(IL SOL DELL’AVVENIRE) Nanni MORETTI – Italie 2023 1h35mn VOSTF – avec Nanni Moretti, Margherita Buy, Silvio Orlando, Barbora Bobulova, Mathieu Amalric… Scénario de Francesca Marciano, Nanni Moretti, Federica Pontremoli et Valia Santella.
Du 26/07/23 au 29/08/23
On ne pouvait pas rêver mieux : il y a dans Il Sol dell’avvenire tout ce qu’on aime chez Nanni Moretti. Il y a son humour, incisif et tendre à la fois. Il y a son goût spontané pour le commentaire politique des petits actes individuels comme des grandes évolutions de son pays. Il y a le cinéma, ses travellings, sa ville de Rome, des airs populaires (souvent chantés, parfois dansés), des histoires de famille, sa troupe d’acteurs fidèles, notamment la magnifique Margherita Buy et l’excellent Silvio Orlando… Et puis il y a Nanni Moretti lui-même dont la présence à l’écran, comme toujours, décuple l’adresse directe et personnelle que représentent ses films aux spectateurs que nous sommes. Voir un film de Nanni Moretti, c’est entrer dans son monde, s’amuser de ses névroses, partager ses espoirs, ses colères contre la bêtise humaine. C’est rire et pleurer avec lui au gré des événements qui surgissent. Moretti, c’est un peu la conscience du cinéma italien : tous ses films peuvent être vus comme des états des lieux politiques et émotionnels de la société. Et on a le sentiment que ce nouveau film tient lieu de bilan : définitivement, les temps ont changé, Nanni a délaissé sa légendaire Vespa pour une trottinette électrique, et prépare un tournage auquel personne ne semble rien comprendre. Tout fout le camp et notre cinéaste et son double à l’écran entrent dans une difficile quête créatrice et intime dans ce film drôle, poignant et gorgé d’autodérision.
L’alter ego du cinéaste s’appelle ici Giovanni, le vrai prénom de Moretti, et tente de réaliser un film historique sur le parti communiste italien à travers le cas de conscience d’un couple à la tête d’une antenne locale du parti qui, en 1956, accueille une troupe de cirque hongrois au moment où Moscou envoie les chars dans Budapest pour réprimer l’insurrection populaire. En filmant ce couple tiraillé entre indignation sincère et fidélité à la ligne du parti, Giovanni est persuadé de tenir un moyen d’exprimer l’erreur fondamentale de toute la gauche italienne. Pour lui, c’est comme si c’était maintenant : du politique à l’intime, cet épisode historique condense à lui seul les enjeux qui traversent toute l’Italie d’aujourd’hui !

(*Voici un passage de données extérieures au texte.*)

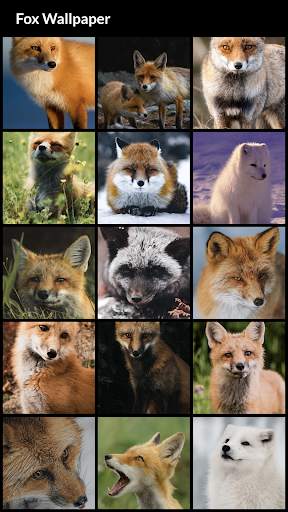 Fox Wallpapers screenshot 1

Mais voilà, Giovanni s’en désole : la jeune génération ignore tout de l’importance du parti communiste dans l’histoire de son pays, l’actrice principale conteste sa vision du script, y voyant davantage une comédie romantique qu’un grand film politique. Plus encore, la femme de Giovanni cherche le meilleur moment pour le quitter, sa fille a un mystérieux amant (on vous laisse découvrir…) et son producteur français au bord de la faillite (l’extravagant Mathieu Amalric) veut vendre son film à Netflix… Bref, Giovanni est au bout du rouleau et c’est l’occasion pour Nanni Moretti de se croquer volontairement en personnage un peu vieux jeu, volontiers imbu de lui-même, déversant avec une articulation exagérément détachée ses obsessions personnelles et ses visions moralistes à qui passe par là. Rien ne va, donc, mais il va pourtant bien falloir mener à bout ce tournage où – de l’Histoire à sa propre famille, de la politique aux sentiments – tout semble se confondre à la vie comme à l’écran.
Ce qui frappe, c’est l’absolue cohérence avec laquelle conduit son récit et sa mise en scène, ne cédant rien à la facilité, maîtrisant avec exactitude le moindre des effets qu’il produit. Et on peut le dire sans rien gâcher : réinvention, il y aura, jusqu’à un final absolument virtuose, généreux et déchirant à la fois.